Para el día de hoy (05/03/16):
Evangelio según San Lucas 18, 9-14
Por cierta formación errónea, nos han quedado grabados ciertos estereotipos a menudo falaces, entre ellos los que se adjudican a los fariseos. Con cierto grado de torpeza, se nos ha inculcado que un fariseo es una suerte de avieso villano con ribetes hollywoodescos.
En realidad, los fariseos eran hombres profundamente religiosos a su modo, y la doctrina que sostenían, en gran parte, era digna de respeto y merecía ser escuchada tal como señalaba el Maestro, que recomendaba escucharlos, hacer y cumplir todo lo referente a la doctrina que enseñaban, pero con la advertencia de no guiarse por sus obras.

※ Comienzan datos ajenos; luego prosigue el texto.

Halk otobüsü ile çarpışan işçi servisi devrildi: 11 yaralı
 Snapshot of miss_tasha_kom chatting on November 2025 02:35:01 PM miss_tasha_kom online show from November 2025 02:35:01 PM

El Maestro así se refería a cierta hipocresía que ellos encarnaban, dividiendo a los creyentes entre justos e injustos, puros e impuros y sosteniendo una religiosidad retributiva, la piedad comercial, el trocar actos pretendidamente virtuosos por favores divinos. El gran problema es que muchos de esos fariseos que le criticaban, y que con el tiempo devinieron en feroces enemigos suyos, no consideraban a Dios y al prójimo como su horizonte y su buen puerto. Su sol, alrededor del cual orbitaban, era su propio ego, un yo que no admite tú ni nosotros.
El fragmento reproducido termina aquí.